*What to produce*:
Locate the line containing "Po 56. urodzinach" in the data below. Reproduce it and every following line up to the end, exactly as given.

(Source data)
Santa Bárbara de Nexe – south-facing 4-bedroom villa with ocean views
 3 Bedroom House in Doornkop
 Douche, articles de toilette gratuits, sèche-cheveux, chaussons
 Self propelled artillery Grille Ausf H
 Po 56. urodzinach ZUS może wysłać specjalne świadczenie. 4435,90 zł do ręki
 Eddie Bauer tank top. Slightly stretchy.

*Solution*:
 Po 56. urodzinach ZUS może wysłać specjalne świadczenie. 4435,90 zł do ręki
 Eddie Bauer tank top. Slightly stretchy.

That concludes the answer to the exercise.